As to the tearful pleas of Anna Surratt, Ms. Surratt's daughter, importuning at the White House for the President's intercession in the matter to stop the hanging of her mother, she would have been better served to have fallen on her knees in tearful supplication to her mother and brother to withdraw from the deadly plan during the months between January and April when the plot, first to kidnap, finally to kill the President, was being hatched at the boarding house, with full knowledge of everyone present save the abstemious monkeys, such as Anna Surratt.

It is likely, incidentally, that the adoption by the Klan of the sack or pillowcase in ghostly array had its origin from the macabre photographs taken of the hanging of the four hooded co-conspirators, given special elevation in the minds of the sentimentalists by the fact of Ms. Surratt's inclusion, thus the martyred ghost of Southern womanhood on the gallows for her belief in the cause. But for that, fault those idiots engaged in the Klan activity, not the fact of the executions or that photographs were taken and disseminated to appease an outraged nation after the murder of their President, but five days after the surrender by Robert E. Lee of the Army of Northern Virginia at Appomattox Courthouse.

Joseph & Stewart Alsop finds it inevitable that a purge of leaders of the Soviet satellites, comparable to the internal purge of the 1930's within the Soviet Union, was about to commence in Eastern Europe.
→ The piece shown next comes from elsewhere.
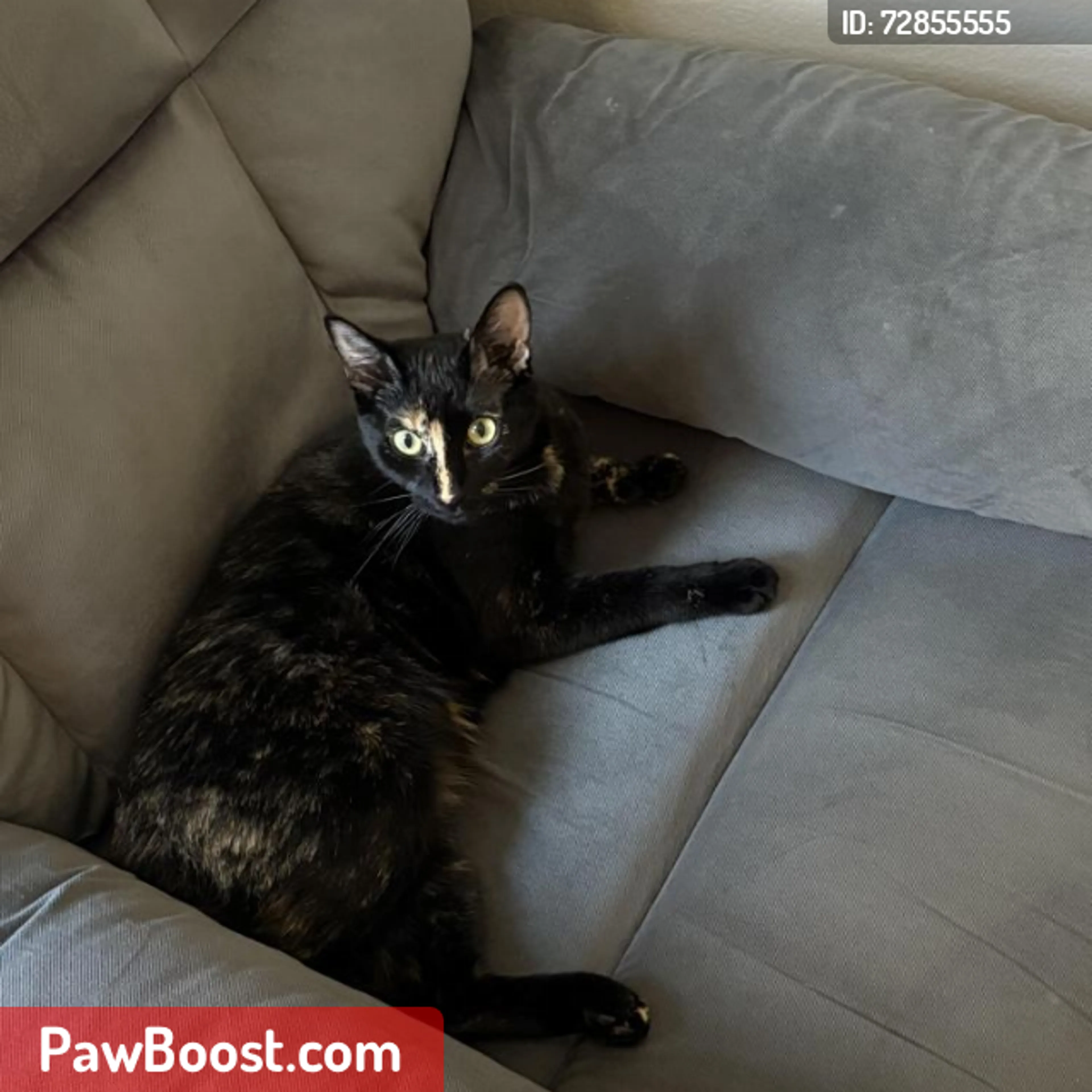 Lost pet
In Rumania, the Communist leader Gheurghiu-Dej had been accused of lack of sufficient loyalty to Moscow, as Tito, and would likely soon be in prison. In Bulgaria, Tsola Dragoicheva, heroine of the Communist movement in that country, had been relegated to obscurity.

Communist leader Otto Grotewhol in Eastern Germany had demanded a purge of obstructionist elements.

The Red Army and MVD had such a presence in Poland, Rumania, Eastern Germany and Hungary that a purge could take place largely unimpeded. In Bulgaria, Czechoslovakia, Albania, and Finland, however, steps would have to be undertaken to provide the means for such a purge. Albania was prime example, almost a prisoner of Yugoslavia geographically. Premier Hoxha's defiance of Yugoslavia, however, demonstrated the pressure which the Kremlin could bring to bear. In Bulgaria, dictator Dimitrov was slapped down by the Kremlin some months earlier when he advocated the Balkan federation now endorsed by Tito. He had, however, not rejected Tito's invitation and a wholesale purge in the country was thus likely.

Prague might be the first place to look for trouble as its submission to the Communists was recent and reluctant. The Czech living standard had significantly diminished under Communism. The Kremlin might either order a purge of the Communist leaders or, if they refused to go quietly, Red Army troops sent in to "protect" the country from Western imperialism. Premier Gottwald and others capable of dealing with the West would likely have to go.

These were some of the repercussions in the Soviet bloc resulting from Tito's heresy in Yugoslavia. Already, it had caused the Berlin crisis to be felt less acutely by the Americans, British and French. There was reason to believe that there would be repercussions in Moscow as well.

As indicated, Samuel Grafton had ceased to be carried by The News after June 18, but he continued to write his column through 1948 and we have found about 40 columns for the remainder of the year from other newspapers which will be included as they arise. This date's entry finds him musing about the Democratic convention, expressing the belief that President Truman would be nominated despite the movement for General Eisenhower. The General could not win the nomination for lack of organization. In modern politics, such unorganized candidacies could not result in nominations. The same was true of Justice William O. Douglas, who also had backing but lacked organization. The somewhat surprising nomination of Wendell Willkie by the Republicans in 1940 had not taken place in a vacuum, as Mr. Willkie went to the convention with an active organization. Even if the Democrats were convinced they could not win with the President, his organization would enable him to obtain the nomination on an early ballot.